1. Start with a budget
The first thing you need to consider is your budget. Before you talk to any financial agents, come up with a budget independently. Use a mortgage calculator and your daily expenses to find a number that you feel comfortable with. Banks and mortgage lenders will often try and approve you for more money than is actually feasible. Coming up with an independent number will ensure you buy a house you can actually afford.
2. Get pre approved
After you have your budget in mind and your credit in order, ask your bank to preapprove you for a mortgage. A pre-approval simply means the bank is willing to eventually give you a mortgage up to an agreed-upon amount. Getting preapproved shows realtors and sellers that you are a serious buyer. It also speeds up the final loan approval process and closing time frame.
3. Start shopping
You do not necessarily have to get a realtor to start, you can simply start shopping. Using your pre-approval number and your monthly budget sifting through the homes on the market will become much easier. Keep an eye on the market, figure out what your money can buy and what it can’t. Make lists of features or neighborhoods that are appealing to you. Once you think you are ready to take the plunge, get a realtor and start looking at properties in person.
4. Be patient
There is no need to rush into a first-time home purchase. Houses enter and leave the market all the time. Rushing to buy a home just for the sake of buying will lead to regrets. Buyer’s remorse is super common for first-time home buyers, especially ones who rush. Keep an eye on the market, trust your realtor and trust your instinct, and the right home will surface eventually.
In hot markets, putting a good offer in on a house does not even guarantee that you will get the house. Patience will be key.
5. Closing the deal
Lastly, once you have found the right home in your budget it is time to buy. Putting an offer in on a house is exciting and scary but will lead to closing on your first home. After the closing process, you will join the ranks of millennials who own homes which is another animal in itself.
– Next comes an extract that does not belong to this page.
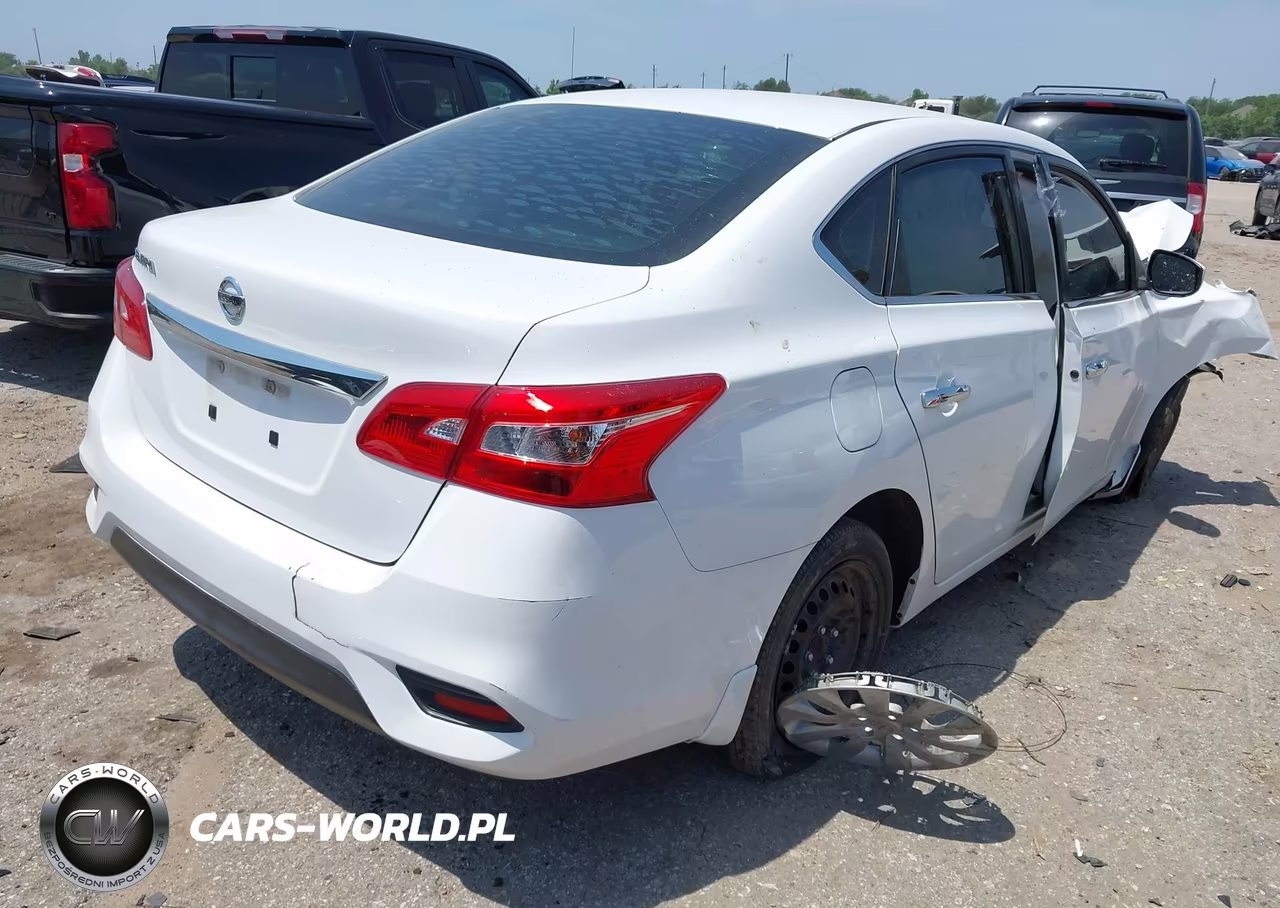 2019 Nissan Sentra S VIN:3N1AB7AP3KY446660 - 4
Related Read: 14 Working From Home Productivity Statistics
Millennials account for millions of Americans and they have been heavily defined by the 2008 financial crisis and the ongoing COVID-19 pandemic. After all of that, they are finally ready to start buying their own homes in earnest leading to a boom of demand in the market. There are an estimated 34 million millennial homeowners in the United States already.
More than half of millennials are still yet to buy their first home but that number is slated to shrink in coming years. Despite the rising demand, supply shortage, and inflation, home buying remains one of the most secure ways to build wealth and it is now millennial’s time to seize that initiative for themselves.